Assigned task: With pictures omitted, copy exactly the lines from the one containing "Chubby Unicornfont character map" through the end of the records below.

Records provided:

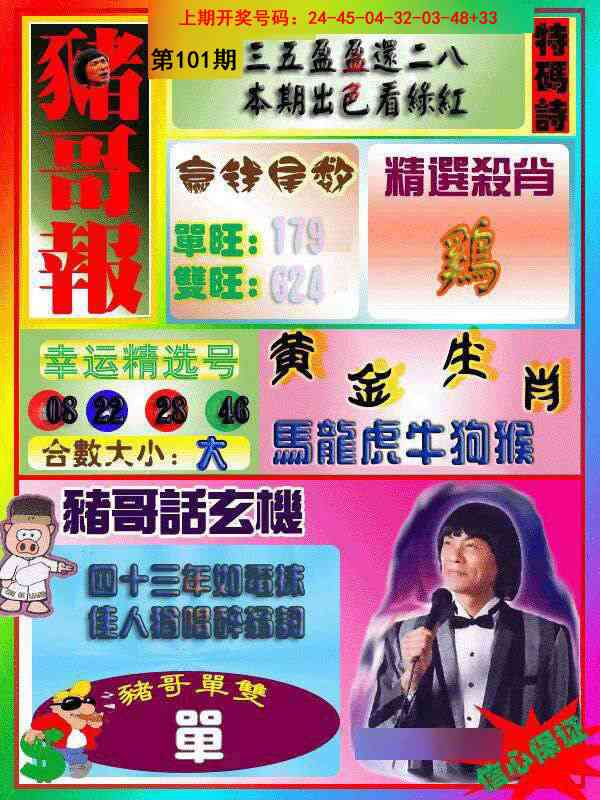 101期猪哥报[图]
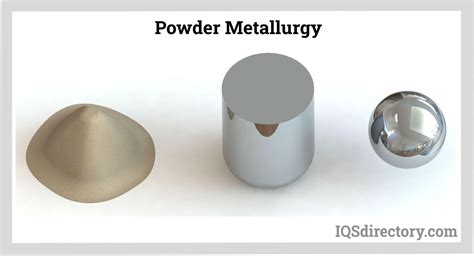 Powder Metallurgy Companies | Powder Metallurgy Services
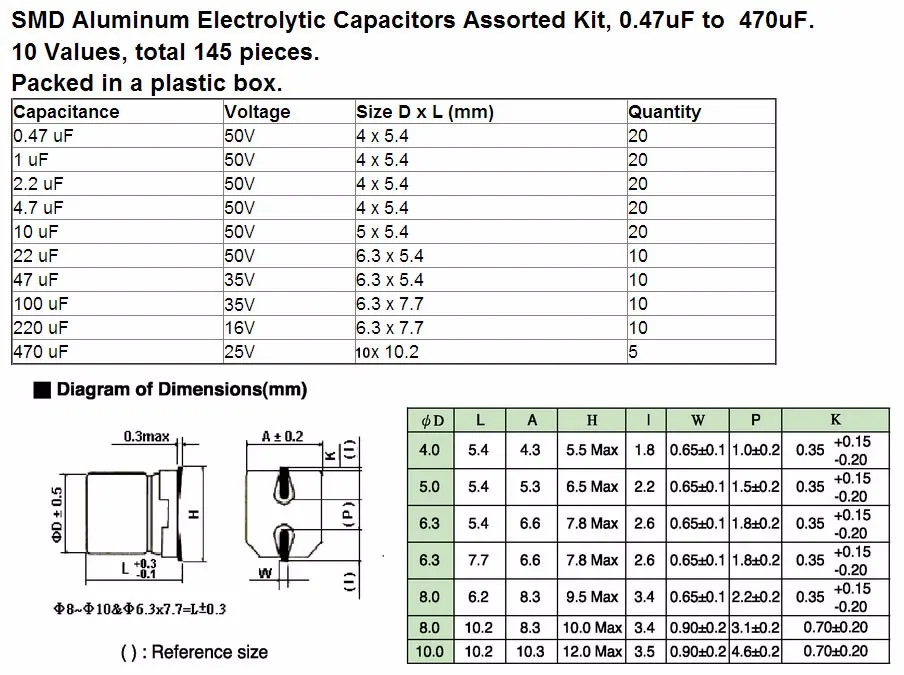 145 шт. SMD 0.47 до 470 мкФ электролитический конденсатор S Ассортимент Комплект 10 Значения Алюминий электролитический конденсатор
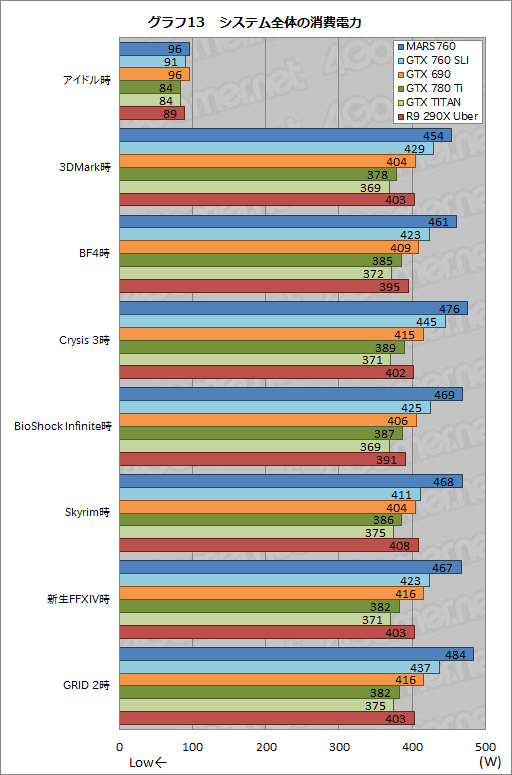 ꡼ No.032Υͥ / ASUSȼΥǥ奢GTX 760ɡβͤϡ MARS760-4GD5פٴĶǻ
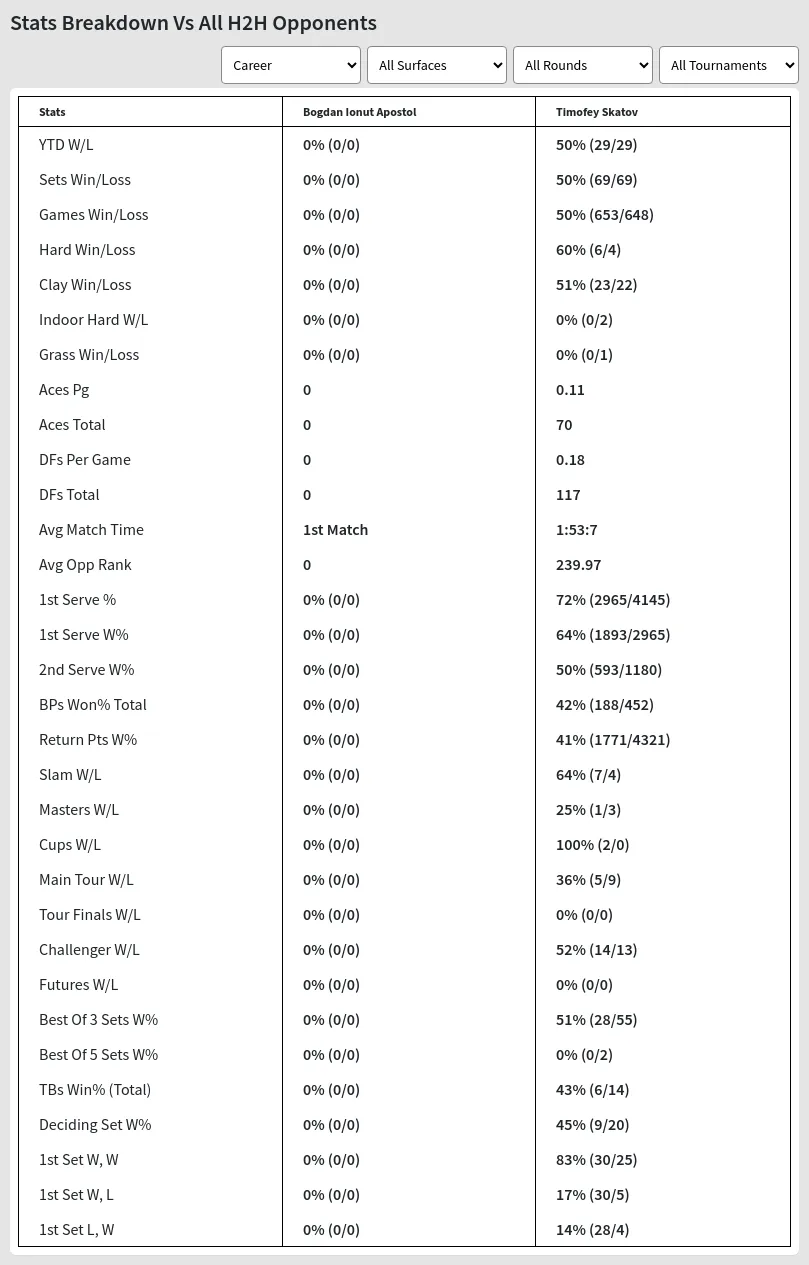 Timofey Skatov Bogdan Ionut Apostol Prediction Stats 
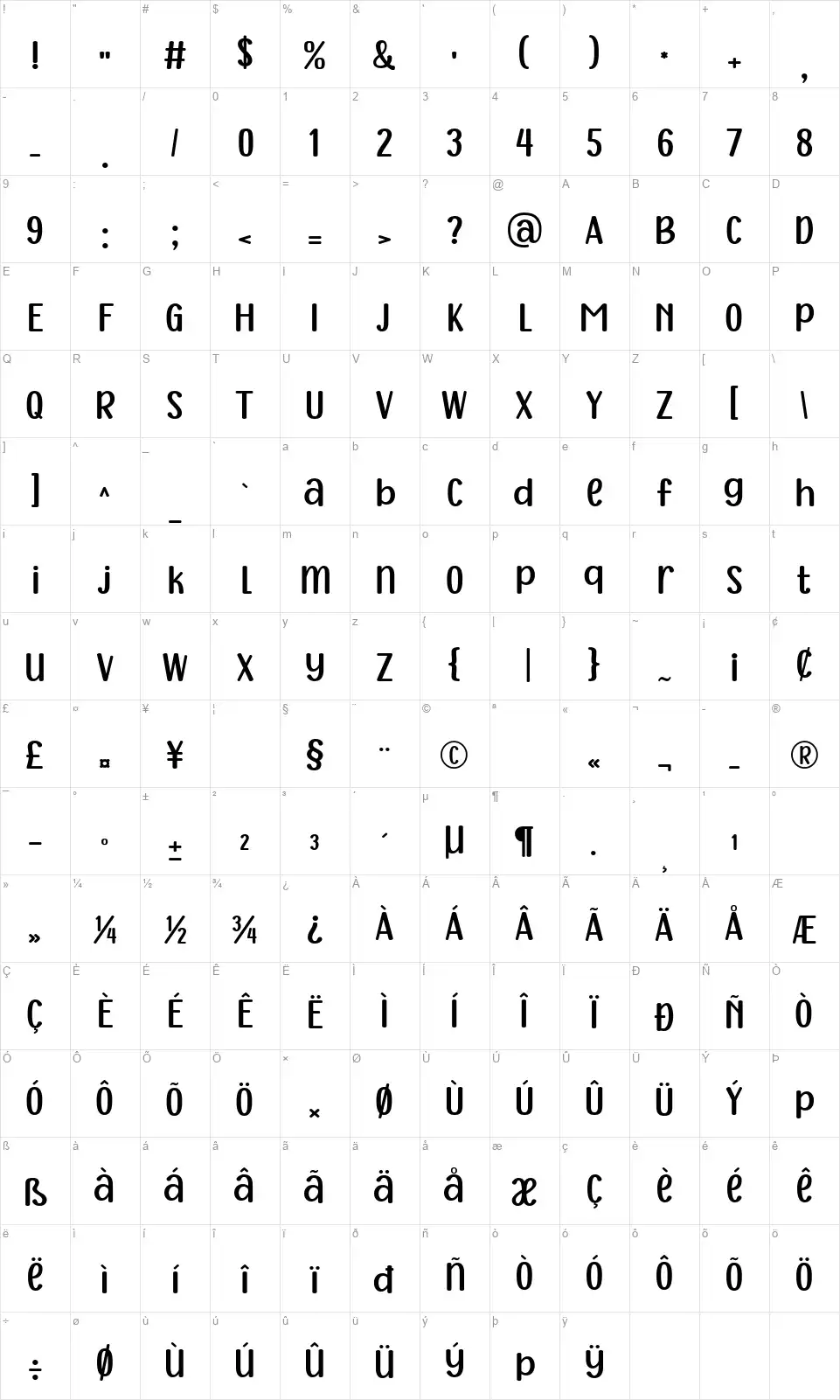 Chubby Unicornfont character map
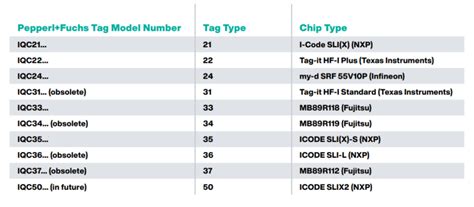 rfid chip serial number|rfid tag codes.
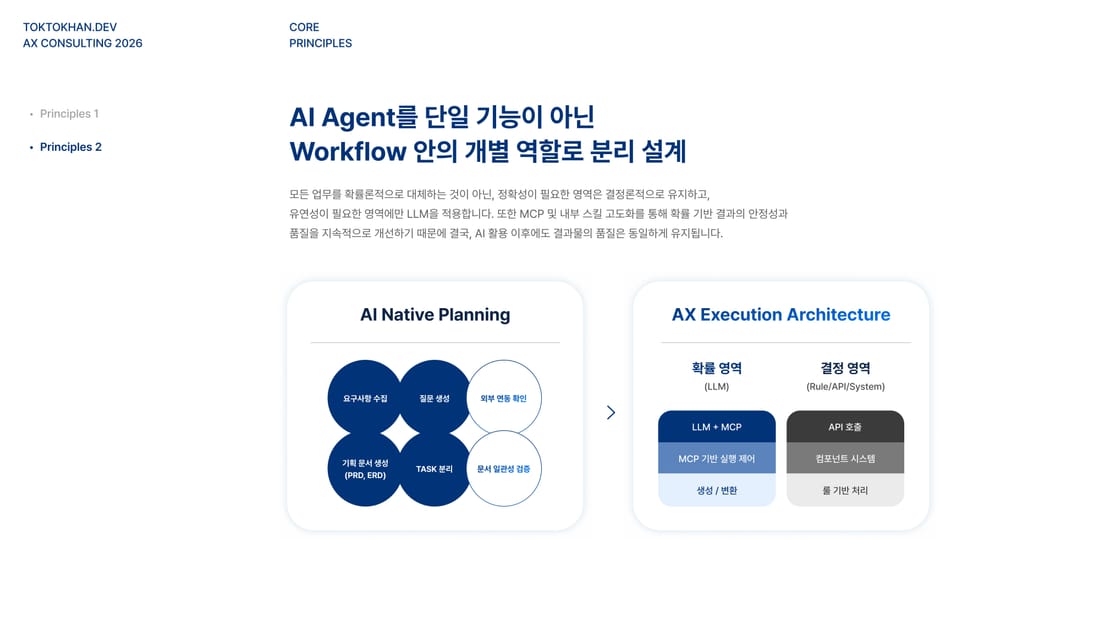 똑똑한개발자 AX 소개서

Solution for this task:
 Chubby Unicornfont character map
 rfid chip serial number|rfid tag codes.
 똑똑한개발자 AX 소개서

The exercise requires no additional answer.